21 Haziran 2002 21:00
İşte tatil işte fırsat!
Tatil geldi hoş geldi. Eğitim emekçileri, öğrenciler biraz soluk alabilecek sanki.. Ne gezer. Milli Eğitim Bakanlığı'nın cümle eksikleriyle tamam okullarında değil de, özel okullardan birinde bile görevliyse eğitim emekçisinin durumu pek değişmiyor. Özel okul işletmecileri "Zarar ediyoruz", "Pahalı geliyorsunuz" gerekçeleriyle sözleşmelerini yenileyemeyeceklerini bildiriyorlar çoğunluk. Yaz özel okullar için bir transfer dönemi. Özel okul öğrencilerin, olanağı geniş ailesi olanlar yaz okullarına tatil köylerine, yazlıklara gittiler çoktan. Yurtdışında tatil köyleri yaz okulları sırada. Burada bir parantez gerekiyor. Özel okulların ailesinin olanakları dedik, dar olanaklı olup özel okul öğrencisi olanlar mı var, diyeceksiniz. Var elbet. Ana-baba çalışınca çocuk sokakta kalmasın diye, biraz daha iyi eğitim görsün diye, yahu katkı payı, özel katkı, kayıt falan aynı hesaba geliyor diye bir sürü orta halli adam çocuğunu özel okula gönderiyor. Ben de torunumu gönderiyorum.

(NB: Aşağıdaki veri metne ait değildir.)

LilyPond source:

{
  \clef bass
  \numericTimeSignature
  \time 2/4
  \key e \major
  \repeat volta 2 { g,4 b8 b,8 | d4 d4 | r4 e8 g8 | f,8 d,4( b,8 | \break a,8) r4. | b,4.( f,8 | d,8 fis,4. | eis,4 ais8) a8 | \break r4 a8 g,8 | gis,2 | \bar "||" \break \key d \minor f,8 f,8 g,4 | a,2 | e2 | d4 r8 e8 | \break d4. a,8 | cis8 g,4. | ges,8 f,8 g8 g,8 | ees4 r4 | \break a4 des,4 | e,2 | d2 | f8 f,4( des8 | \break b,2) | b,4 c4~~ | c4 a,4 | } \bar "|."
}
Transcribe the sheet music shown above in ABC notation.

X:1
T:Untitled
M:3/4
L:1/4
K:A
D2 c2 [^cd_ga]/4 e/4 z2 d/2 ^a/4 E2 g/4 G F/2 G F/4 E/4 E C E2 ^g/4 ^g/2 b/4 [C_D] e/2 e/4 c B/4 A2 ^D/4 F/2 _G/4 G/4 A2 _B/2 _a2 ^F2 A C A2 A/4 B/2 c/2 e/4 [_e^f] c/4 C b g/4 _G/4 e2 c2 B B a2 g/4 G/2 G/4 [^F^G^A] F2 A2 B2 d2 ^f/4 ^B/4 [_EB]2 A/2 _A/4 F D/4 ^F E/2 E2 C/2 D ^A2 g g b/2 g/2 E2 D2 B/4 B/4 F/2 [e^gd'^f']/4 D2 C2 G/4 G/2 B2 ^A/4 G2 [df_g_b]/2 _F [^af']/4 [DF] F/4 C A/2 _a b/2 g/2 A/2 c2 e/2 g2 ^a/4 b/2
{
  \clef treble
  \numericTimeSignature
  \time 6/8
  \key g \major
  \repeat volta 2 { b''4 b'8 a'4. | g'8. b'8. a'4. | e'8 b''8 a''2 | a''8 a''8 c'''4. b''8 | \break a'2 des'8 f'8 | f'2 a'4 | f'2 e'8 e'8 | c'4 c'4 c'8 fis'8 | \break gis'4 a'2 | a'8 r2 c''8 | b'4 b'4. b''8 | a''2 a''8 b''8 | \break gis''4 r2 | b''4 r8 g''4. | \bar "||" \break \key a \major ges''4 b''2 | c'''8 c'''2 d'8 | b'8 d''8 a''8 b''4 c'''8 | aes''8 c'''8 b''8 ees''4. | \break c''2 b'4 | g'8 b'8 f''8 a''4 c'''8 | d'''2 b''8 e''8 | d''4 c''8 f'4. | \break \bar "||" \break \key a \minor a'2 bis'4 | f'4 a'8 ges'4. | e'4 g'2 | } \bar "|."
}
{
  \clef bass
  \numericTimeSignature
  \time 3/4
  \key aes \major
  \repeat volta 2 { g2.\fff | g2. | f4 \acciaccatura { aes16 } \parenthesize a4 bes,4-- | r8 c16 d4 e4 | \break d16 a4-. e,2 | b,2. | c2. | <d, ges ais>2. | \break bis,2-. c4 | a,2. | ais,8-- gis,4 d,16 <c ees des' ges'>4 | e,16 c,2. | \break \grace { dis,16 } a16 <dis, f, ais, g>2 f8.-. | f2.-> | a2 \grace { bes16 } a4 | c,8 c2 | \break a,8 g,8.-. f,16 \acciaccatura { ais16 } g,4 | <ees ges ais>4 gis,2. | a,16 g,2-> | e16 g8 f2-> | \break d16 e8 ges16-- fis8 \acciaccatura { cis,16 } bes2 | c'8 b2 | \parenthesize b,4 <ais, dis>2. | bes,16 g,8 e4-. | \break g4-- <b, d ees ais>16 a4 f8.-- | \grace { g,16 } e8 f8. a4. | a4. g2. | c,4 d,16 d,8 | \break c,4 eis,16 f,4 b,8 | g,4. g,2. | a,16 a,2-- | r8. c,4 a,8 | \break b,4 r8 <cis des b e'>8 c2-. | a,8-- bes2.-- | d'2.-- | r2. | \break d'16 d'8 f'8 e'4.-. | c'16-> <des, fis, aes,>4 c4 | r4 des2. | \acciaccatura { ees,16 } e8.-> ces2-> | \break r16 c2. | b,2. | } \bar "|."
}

Geçen gün İhsan Çaralan ile bu konuyu konuştuk, "Neden devletten aynı olanakları istemiyoruz?" Ben istemekten yanayım da istemekle olmuyor. Yarım günlük okulların tamamlayıcıları yok bizim ülkede. Çocukları sokaktan oyun alanlarına, el becerilerine alacak örgütlenmeler yok. Çalışan çocukların, soluklanacağı, kafalarını dinleyip çocukluklarının keyfini iki üç saat çıkaracakları hafta sonu spor salonları yok...Yok.. Yok... Yok...
Tatil geldi hoş geldi diye saldırıyor sermaye filmlerle, yaz okullarıyla, otel havuzlarıyla. Hizmet sektöründe, endüstride işsiz kalan ana-babaların çocukları, göç çocukları, zaten ilköğretim şansını yakalayamamış çocuklar için tatil yok. Evlerde tükenmez kalem montajı yapanların, konfeksiyon atölyelerine düğme diken, nakış işleyenlerin çocukları da çalışacaklar. Tarım sekörünü söylemeye gerek var mı?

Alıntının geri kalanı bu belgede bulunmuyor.